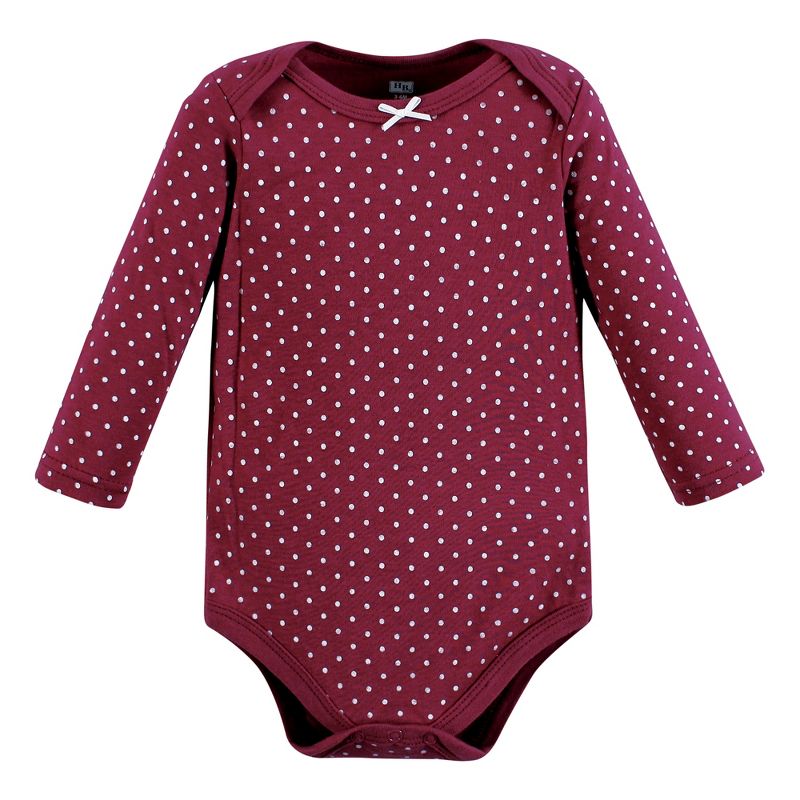 Hudson Baby Infant Girl Cotton Long-Sleeve Bodysuits, Pumpkin Spice Date, 6 of 9
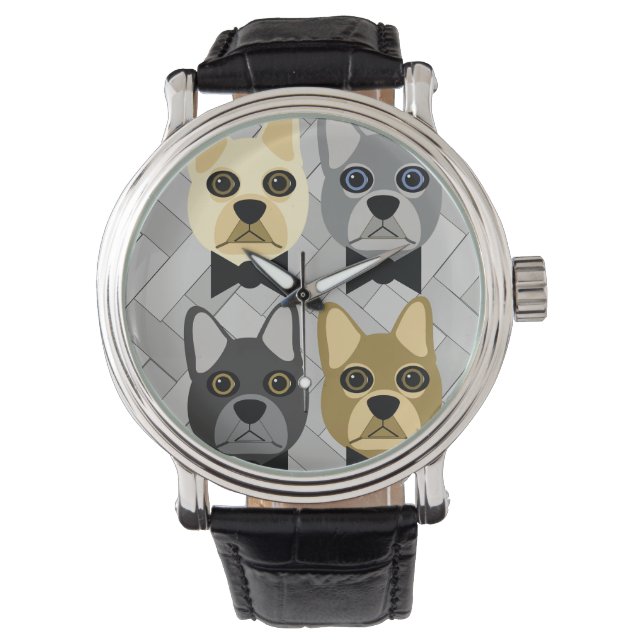 Fransk Bulldog Herringbone Watch Armbandsur (Framsida)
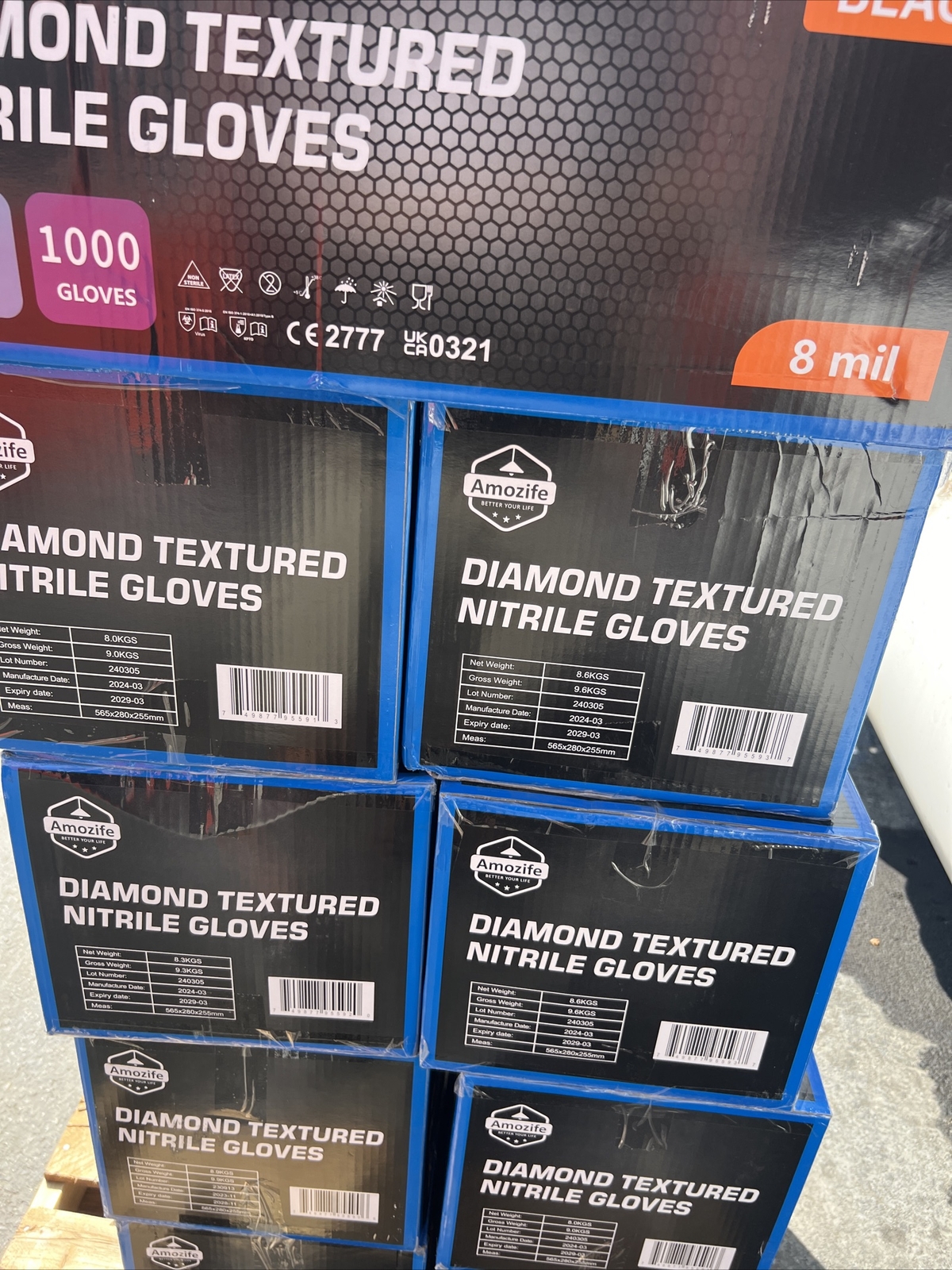 Heavy Duty Black Industrial Nitrile Gloves with Raised Diamond Texture, 1000pcs.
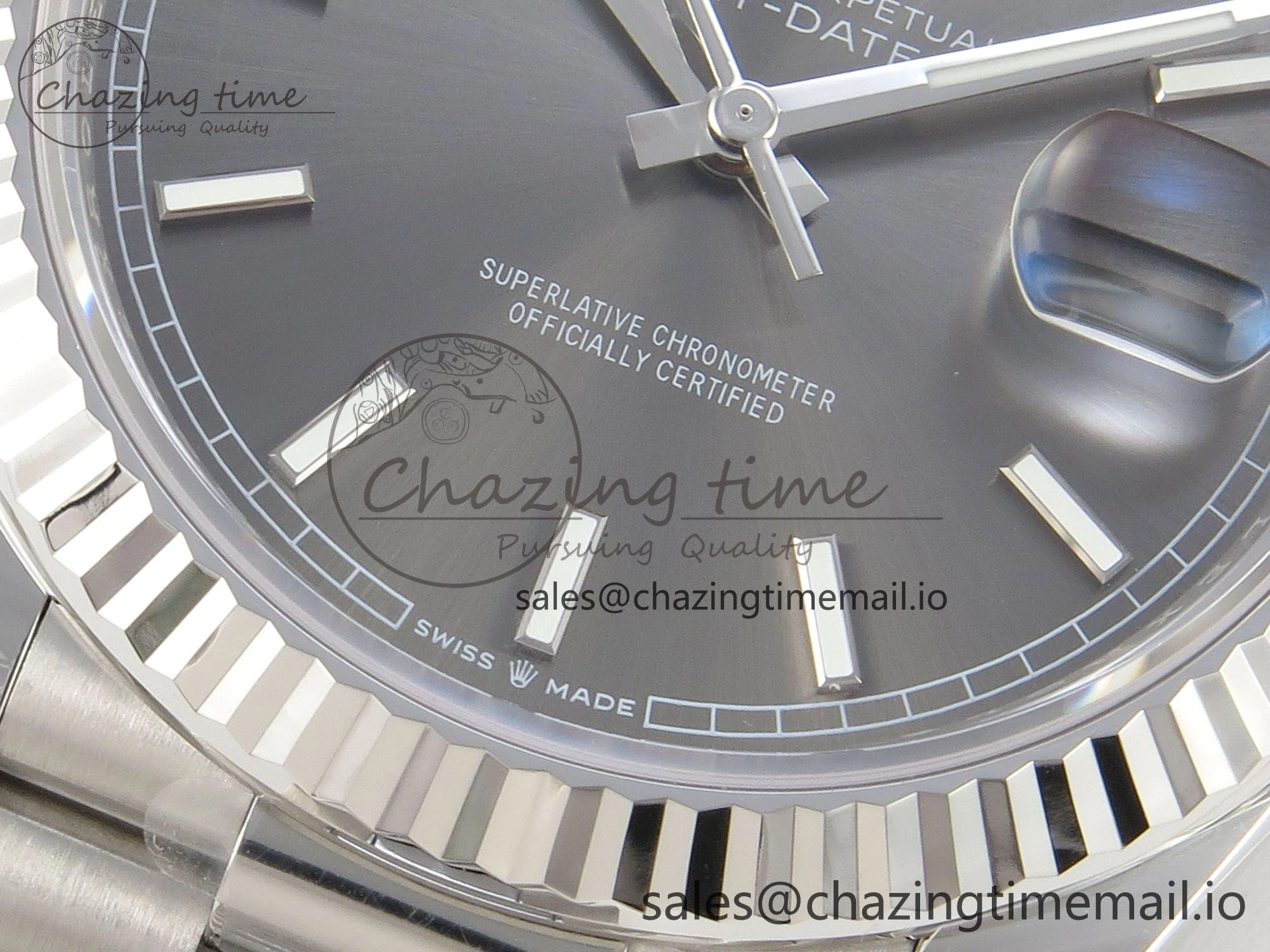 Day Date 40 SS 228236 THBF 1:1 Best Edition Gray Marker Dial on President Bracelet VR3255 V3 (Gain Weight)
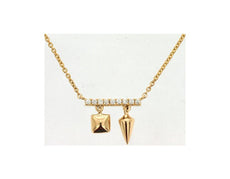 ESTATE .05CT DIAMOND 14KT YELLOW GOLD 3D SQUARE TRIANGULAR CHARM BAR NECKLACE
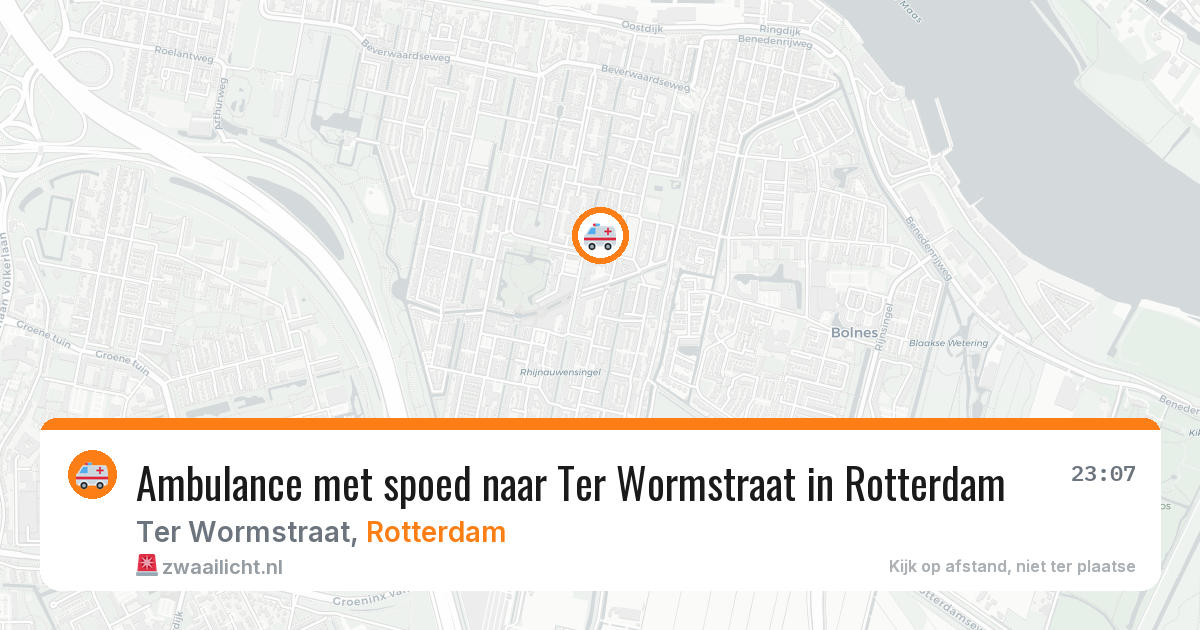 Ambulance met spoed naar Ter Wormstraat in Rotterdam — 12 aug 2026
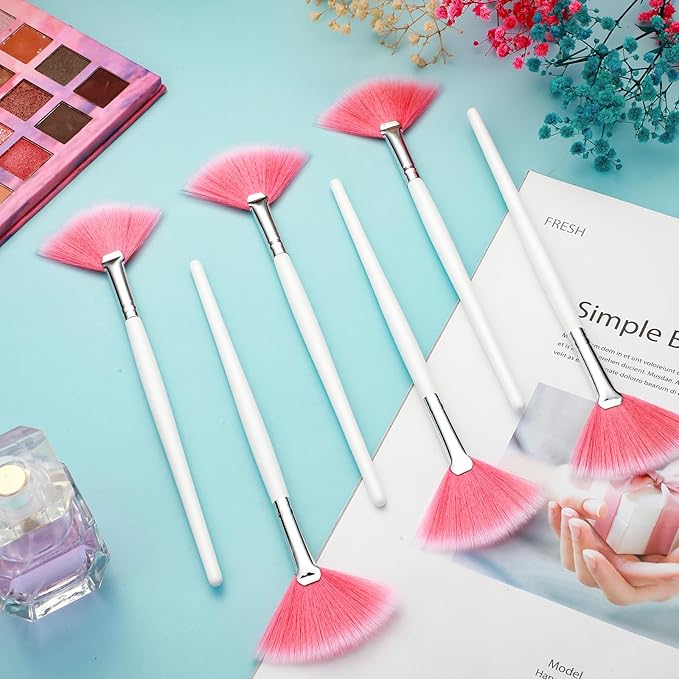 Ziliny 12 Pcs Soft Facial Fan Brush Blush Makeup Brush Face Mask Acid Applicator Multi Use Cosmetic Tools for Peel Mask Makeup for Mud Cream(Black)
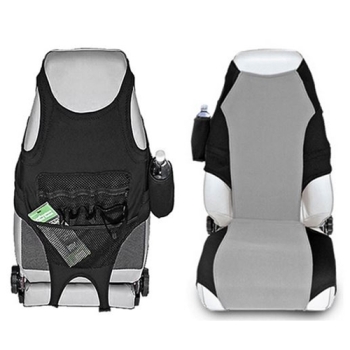 Jeep CJ Wrangler YJ TJ 2pcs. Set Neoprene Seat Protectors Grey Black Rugged Ridge 76-06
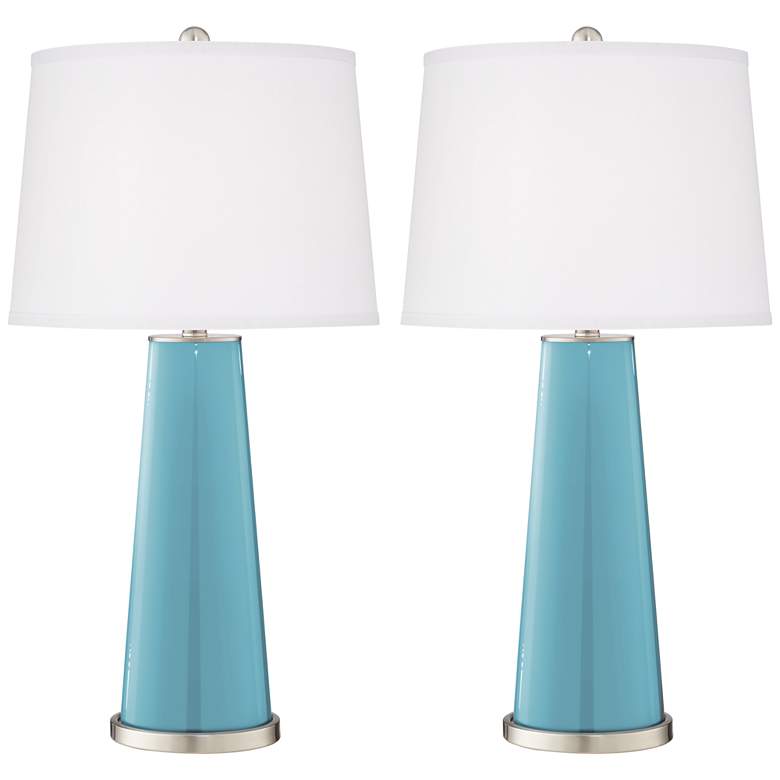 Image 2 Color Plus Leo 29 1/2 inch Nautilus Blue Glass Table Lamps Set of 2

About this exercise: Exercise for the records above: copy only the lines from the one with "Ambulance met spoed" to the one with "Jeep CJ Wrangler", both ends kept, and drop the pictures.

Answer section:
 Ambulance met spoed naar Ter Wormstraat in Rotterdam — 12 aug 2026
 Ziliny 12 Pcs Soft Facial Fan Brush Blush Makeup Brush Face Mask Acid Applicator Multi Use Cosmetic Tools for Peel Mask Makeup for Mud Cream(Black)
 Jeep CJ Wrangler YJ TJ 2pcs. Set Neoprene Seat Protectors Grey Black Rugged Ridge 76-06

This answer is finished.